*** Data to process ***
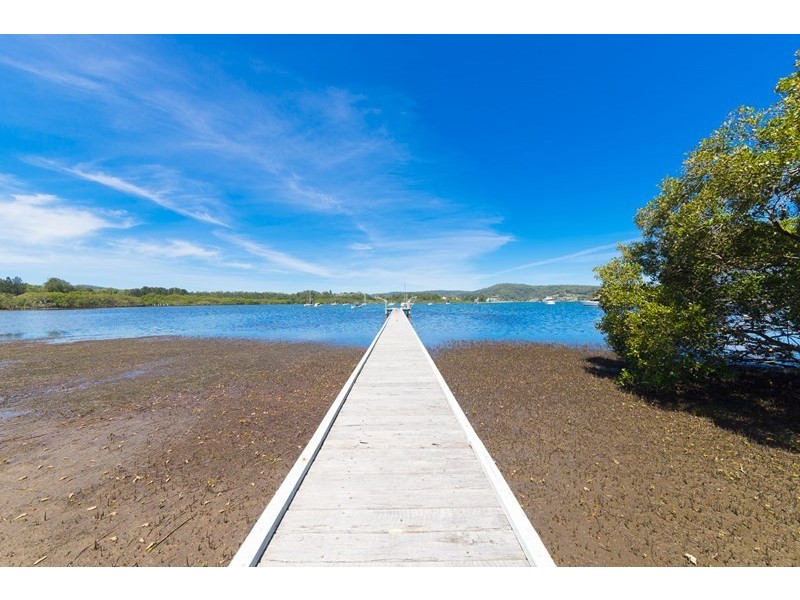 119a Albany Street, Point Frederick NSW 2250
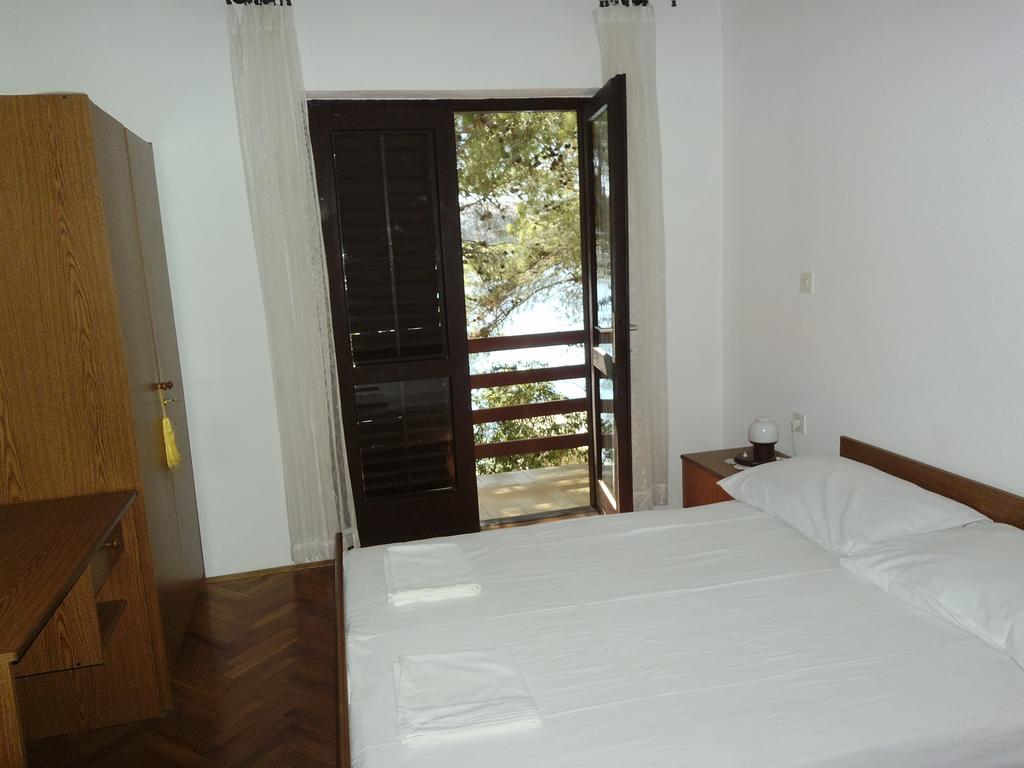 Apartments Kreso 5 Meters From The Beach With See View Shadow And Parking Place Stara Novalja Pokoj fotografie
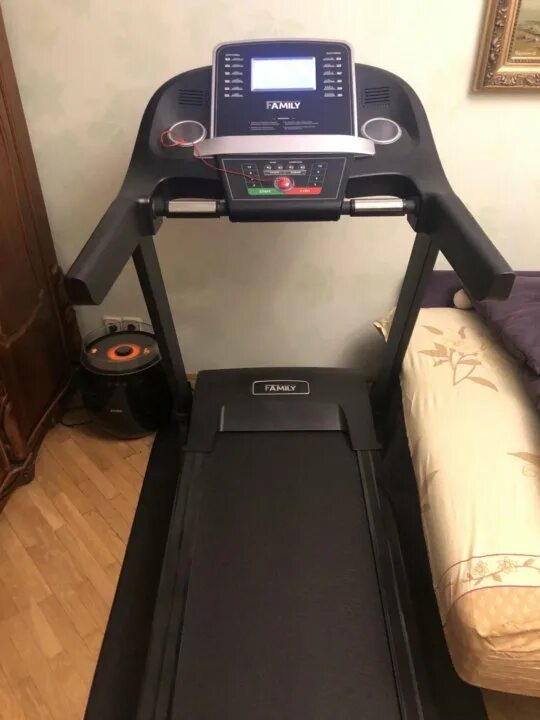 Беговая дорожка tm 300. Беговая дорожка eisenhof tm500. Электрическая беговая дорожка neomotion tm-300. Беговая дорожка family tm 300m. Беговая дорожка tm 300.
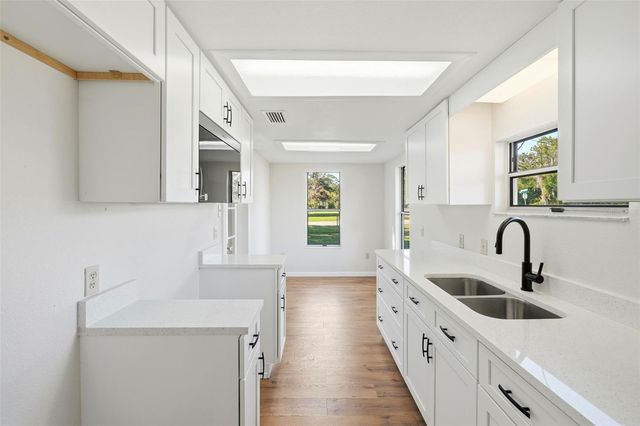 19402 E 5TH STREET, Umatilla, FL 32784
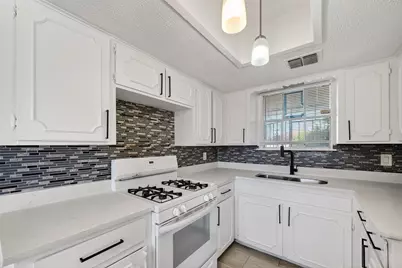 4511 Bayou Vista Drive, Houston, TX 77091 - Photo 14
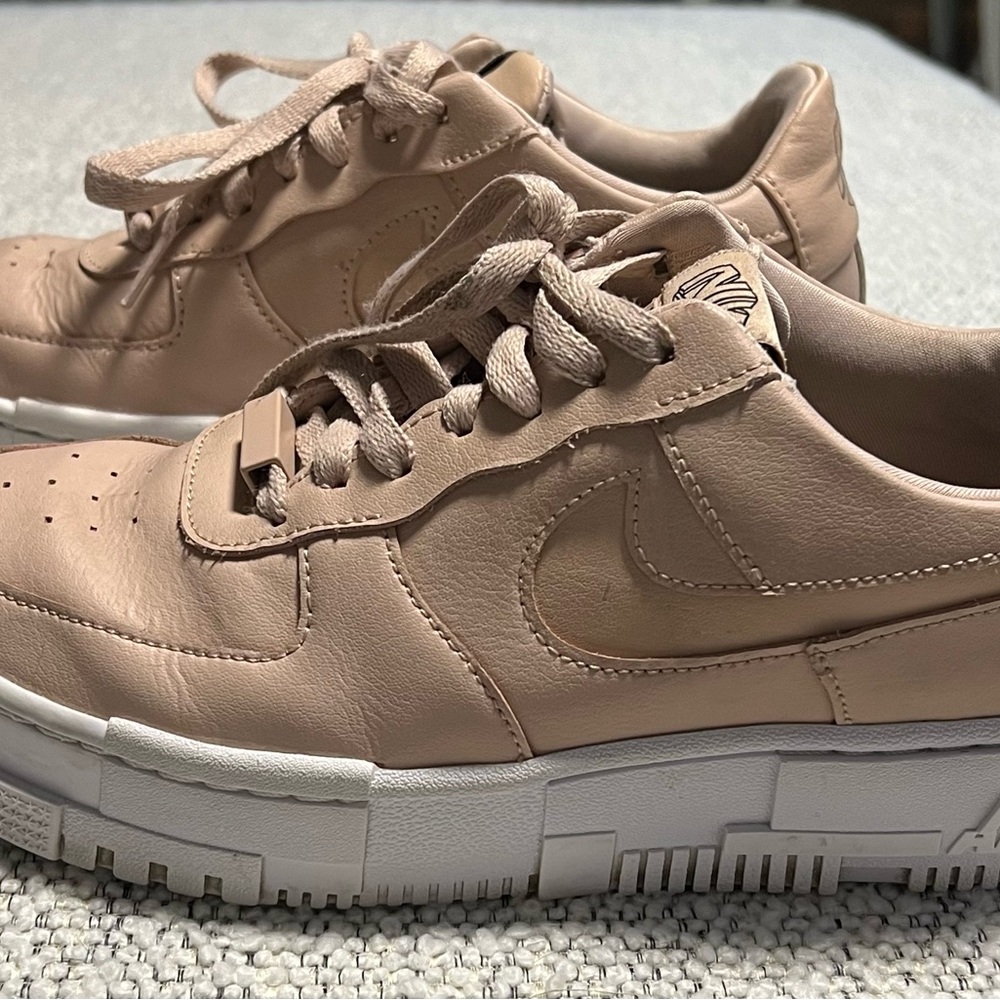 Nike Air Force 1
*** End of Data to process ***
# What the task requires
For this exercise, transcribe the entries verbatim and skip all pictures.

# Completed exercise
 119a Albany Street, Point Frederick NSW 2250
 Apartments Kreso 5 Meters From The Beach With See View Shadow And Parking Place Stara Novalja Pokoj fotografie
 Беговая дорожка tm 300. Беговая дорожка eisenhof tm500. Электрическая беговая дорожка neomotion tm-300. Беговая дорожка family tm 300m. Беговая дорожка tm 300.
 19402 E 5TH STREET, Umatilla, FL 32784
 4511 Bayou Vista Drive, Houston, TX 77091 - Photo 14
 Nike Air Force 1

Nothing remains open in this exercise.